As I've said before I don't watch television so am not exposed to propaganda, I stopped taking the newspaper when there was too much propaganda, when driving I do listen to the Symphony and Opera channels on Sirius XM Radio, at times I would switch to NPR until it starated promoting the New World Order agenda.  There is a new Rasmussen Poll out showing that 31% of Americans think we are headed into a Civil War within 5 years.



			
				Rasmussen Report said:
			
		

> Most voters fear that political violence is coming from opponents of the president’s policies, just as they did in the second year of Barack Obama’s presidency, and nearly one-in-three think a civil war is next.
> 
> Thirty-one percent (31%) of Likely U.S. Voters say it’s likely that the United States will experience a second civil war sometime in the next five years, with 11% who say it’s Very Likely. A new Rasmussen Reports national telephone and online survey finds that 59% consider a second civil war unlikely, but that includes only 29% who say it’s Not At All Likely. (To see survey question wording, click here.)
> 
> ...



In a recent thread I was arguing with Jim Brown about the ICC, Jim finally said he would fight to the death to stop the United Nations Agenda 21, I stopped listening to NPR about 2011 when several of their hosts started promoting the One World government agenda, like solving the world's overpopulation problem by moving humankind into urban cores and stacking them into high-rise buildings.  NPR is government propaganda, I would rather see a Civil War rather than the United Nations Agenda.   


¹ http://www.rasmussenreports.com/pub.../june_2018/31_think_u_s_civil_war_likely_soon


----------



## ICE (Jul 5, 2018)

I used to have a cable channel that broadcast Al Jazeera News.  I saw happenings from around the World.  It was amazing in that no other news organization touched the topics.  It was eyeopening to see what we wern't seeing here in the USA.  The cable channel is gone.....from me at least.  NPR will give us news from around the World .....Al Jazeera gave me the rest of the story and important news that I would not get otherwise.

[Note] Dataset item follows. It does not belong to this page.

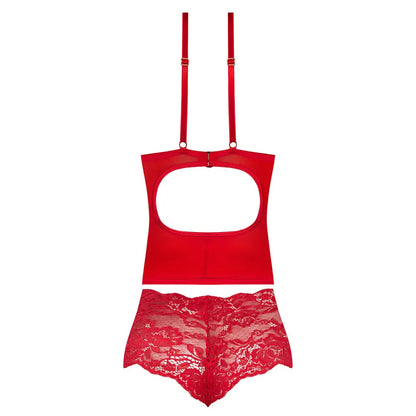 Magic Silk Sugar High Plunge Bustier & Boy Short Set Red S / M  Lingerie - Corsets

There will never be another civil war in the USA.  We have it too good to waste time killing each other.


----------



## conarb (Jul 5, 2018)

ICE said:


> I used to have a cable channel that broadcast Al Jazeera News.  I saw happenings from around the World.  It was amazing in that no other news organization touched the topics.  It was eyeopening to see what we wern't seeing here in the USA.  The cable channel is gone.....from me at least.  NPR will give us news from around the World .....Al Jazeera gave me the rest of the story and important news that I would not get otherwise.



Tiger:

Television has become an entertainment medium, you get opinion about the news and not facts, I've found that you can get the news on the computer without the commericals, the best I use are:

*RT (Russia Today)* for the Russian perspective, they even have a tab for news in the USA and other tabs for other parts of the world.

*Al-Jazzera* for the Arab prespective.

*China Today* for the Chinese perspective. Before they had it on the computer I subscribed to the paper.   

I used to go to the BBC but found the news there as bad as the US, for a while when NPR went bad I listened to  CBC (the Canadian Broadcast Channel) on Sirius XM radio but it soon became a mirror of NPR. 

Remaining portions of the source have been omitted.